(Records from a data source)
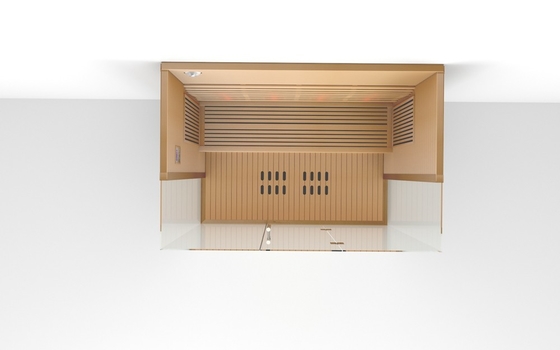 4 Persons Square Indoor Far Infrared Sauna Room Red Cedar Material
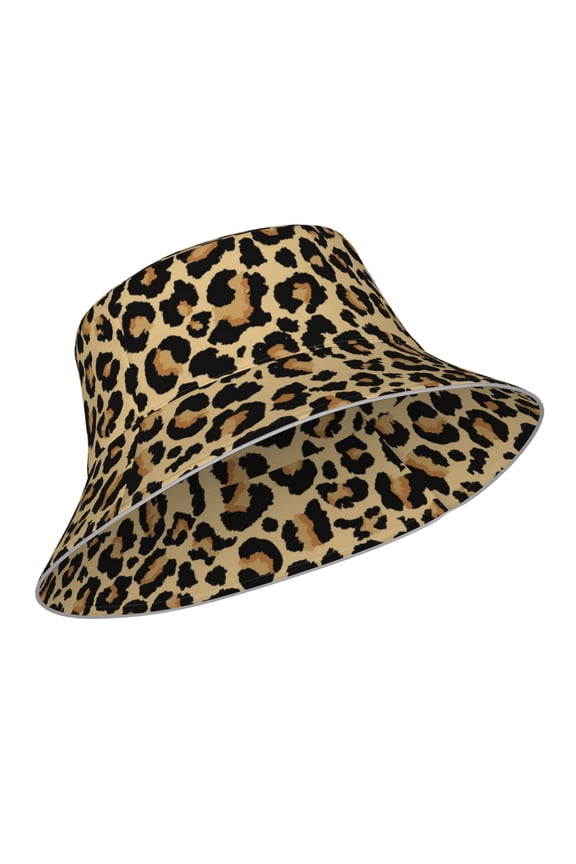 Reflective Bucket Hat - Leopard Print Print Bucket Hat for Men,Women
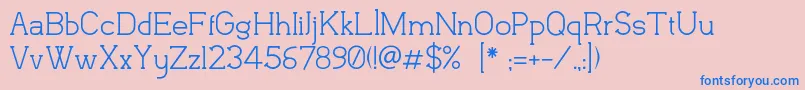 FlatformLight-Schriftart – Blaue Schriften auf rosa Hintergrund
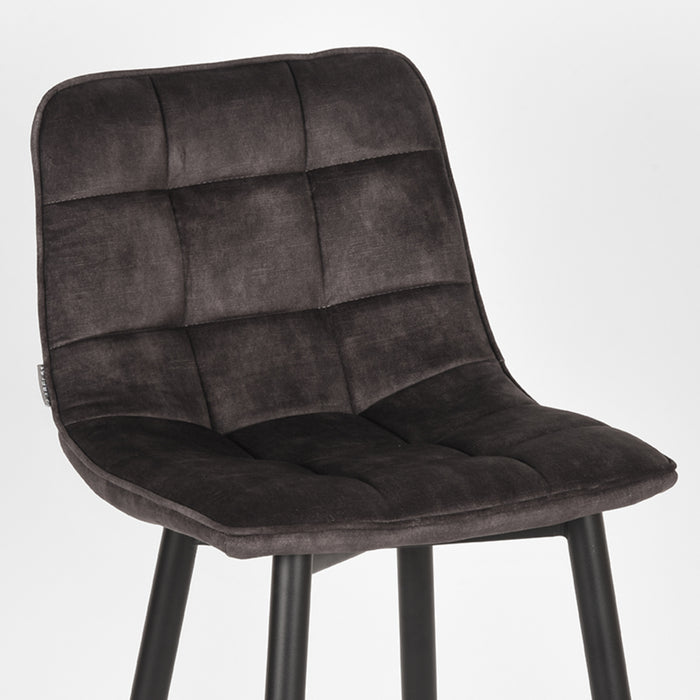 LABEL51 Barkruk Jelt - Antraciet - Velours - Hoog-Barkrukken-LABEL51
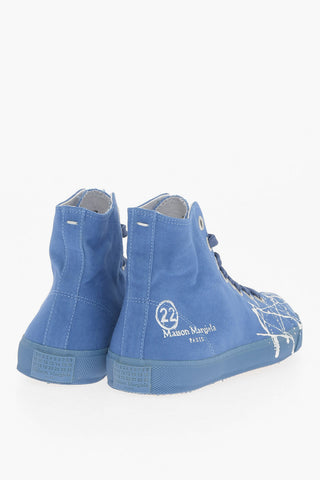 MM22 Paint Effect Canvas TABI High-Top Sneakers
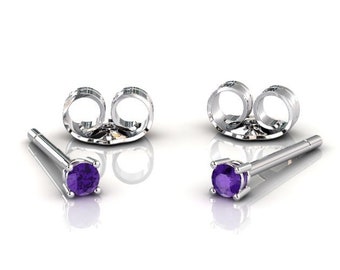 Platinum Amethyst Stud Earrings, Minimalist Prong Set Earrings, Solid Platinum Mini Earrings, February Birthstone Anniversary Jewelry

...

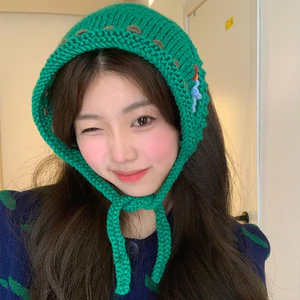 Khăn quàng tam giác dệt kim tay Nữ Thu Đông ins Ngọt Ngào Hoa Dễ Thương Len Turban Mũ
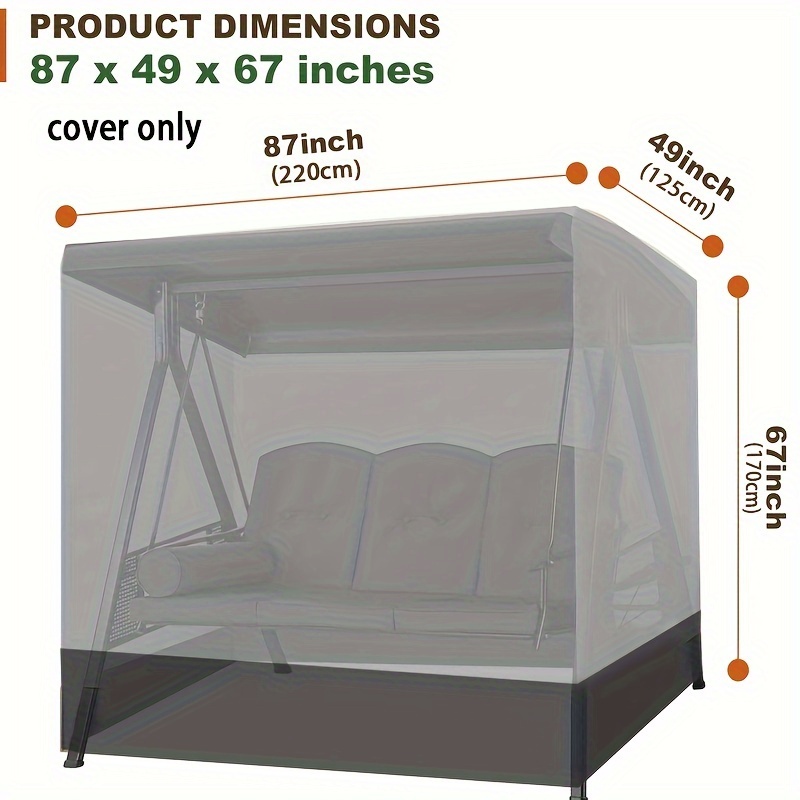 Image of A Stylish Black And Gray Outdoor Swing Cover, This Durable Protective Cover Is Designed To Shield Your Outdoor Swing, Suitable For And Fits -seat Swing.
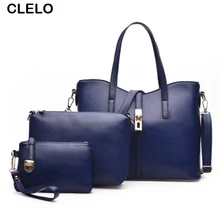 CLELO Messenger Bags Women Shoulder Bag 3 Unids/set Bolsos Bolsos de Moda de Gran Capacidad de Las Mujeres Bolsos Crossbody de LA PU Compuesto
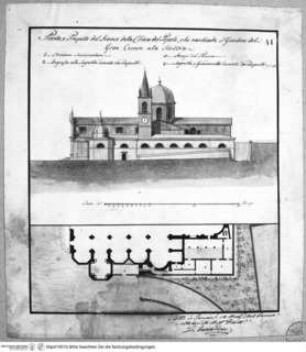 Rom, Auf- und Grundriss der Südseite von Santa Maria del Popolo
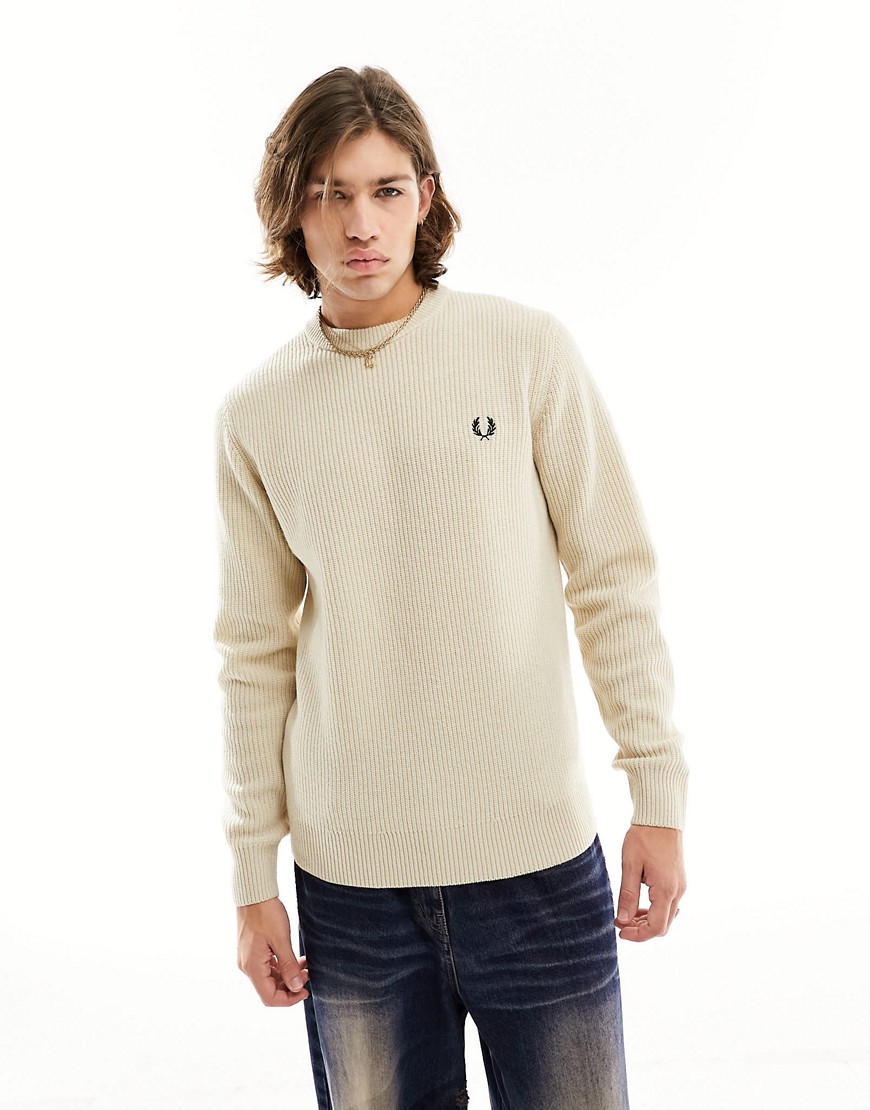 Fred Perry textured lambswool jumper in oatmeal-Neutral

Prompt: The lines to set down run from the line with "Reflective Bucket Hat" up to and including the line with "Platinum Amethyst Stud" in the entries above. Reproduce them exactly, with no pictures.

Answer to this exercise:
 Reflective Bucket Hat - Leopard Print Print Bucket Hat for Men,Women
 FlatformLight-Schriftart – Blaue Schriften auf rosa Hintergrund
 LABEL51 Barkruk Jelt - Antraciet - Velours - Hoog-Barkrukken-LABEL51
 MM22 Paint Effect Canvas TABI High-Top Sneakers
 Platinum Amethyst Stud Earrings, Minimalist Prong Set Earrings, Solid Platinum Mini Earrings, February Birthstone Anniversary Jewelry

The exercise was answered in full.